Robots That Learn Through Interaction and Understand Objects Intuitively

The robots I grew up with on the silver screen were big clunky affairs like Robby the Robot, who first appeared in the 1956 film Forbidden Planet. Similarly, on the small screen, we had hulking contraptions like the B-9, Class YM-3 Environmental Control Robot, simply known as Robot, on Lost in Space.

Later, I was introduced to the concept of humanoid robots in the short stories by Isaac Asimov, which were gathered into two books: I Robot and The Rest of the Robots. I recently re-read both these tomes, and they are as enjoyable today as they were when I was a young sprout. While humanoid in general form, most of the robots in these books couldn’t be mistaken for human beings, unlike R. Daneel Olivaw, who appeared in Asimov’s later works, The Caves of Steel and The Naked Sun.

As I’ve mentioned on previous occasions, my wife, Gigi the Gorgeous, often inquires when we will be able to have our own household robot. Gigi envisages a humanoid-looking, AI-powered device that can help her with housework and gardening tasks, and accompany her to the grocery store, where she can instruct it to track down obscure, hard-to-find (occasionally nonexistent) items. I don’t know why she’s so fixated on this, since she already has me doing all these tasks (especially, now that I think about it, desperately searching for imaginary items in stores).

Just a short decade ago, I would have said that general-purpose humanoid robots were still a long way in our future. However, we’ve seen tremendous strides (no pun intended) within the past couple of years, both in terms of the electromechanical body—motors, actuators, sensors, balance systems, and lightweight structures—and the AI “mind” that allows these machines to perceive, reason about, and interact with the world around them.

Of course, making a robot walk, wave its arms, or perform carefully choreographed demonstrations is hard enough. But the really hard part—the part that has stubbornly resisted automation for decades—is enabling robots to intuitively interact with arbitrary real-world objects. Picking up a shiny metal component is different from grasping a transparent plastic bottle, which is different again from manipulating a floppy bag of vegetables or a screwdriver hiding in a cluttered drawer.

This is precisely the challenge that CynLr (Cybernetics Laboratory) is tackling. I just had a jolly interesting chat with CynLr’s co-founder and CTO, Gokul N A, who argues that robots need something far beyond conventional machine vision: they need what the folks at CynLr call “Object Intelligence.”

CynLr’s main R&D is based in Bengaluru (previously Bangalore), India, but the company has a global footprint, with a presence in Europe and the US to work with OEMs and large plants. I shared with Gokul that I was fortunate enough to have visited Bangalore, deep in the mists of time we used to call 2010, when I was invited to speak at the Embedded Systems Conference (ESC).

What I remember most were the wonderful people, the amazing food, the juxtaposition of gleaming technology campuses and grand old colonial buildings—vast red-brick edifices that looked as though they’d been designed by people who considered subtlety a personal weakness—and, of course, the utterly terrifying traffic.

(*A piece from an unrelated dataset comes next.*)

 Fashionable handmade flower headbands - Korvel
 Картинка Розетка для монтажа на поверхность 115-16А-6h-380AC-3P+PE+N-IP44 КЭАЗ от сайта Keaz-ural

Roads seemingly designed for two lanes of traffic in each direction somehow managed to accommodate three or four, accompanied by a rich supporting cast of scooters, tuk-tuks, buses, wandering pedestrians, and the occasional cow. Meanwhile, traffic lights appeared to be regarded less as mandatory instructions and more as cheerful signs of encouragement.

Gokul replied that a lot has changed in the one-and-a-half decades since my visit. Bengaluru’s technology boom has shifted into overdrive, the skyline has erupted with new developments, and the traffic has somehow contrived to become even… more exciting.

But we digress… The aim of object intelligence is to allow robots to understand and manipulate previously unseen objects in much the same way humans do. Think of a baby presented with a tray of objects of different shapes, colors, and textures. The first thing it will do is reach out, pick one of the objects up, squeeze it, rotate it, examine it, and… well… stick the object in its mouth, but CynLr isn’t asking its robots to go that far just yet.

Sitting on top of this object intelligence layer are systems such as CyRo, CynLr’s robotic manipulation platform, and CyNoid, a more generalized robotic embodiment concept intended to free robots from rigid, task-specific form factors.

The CyRo robotic manipulation platform (Source: CynLr)

The CyNoid robotic embodiment concept (Source: CynLr)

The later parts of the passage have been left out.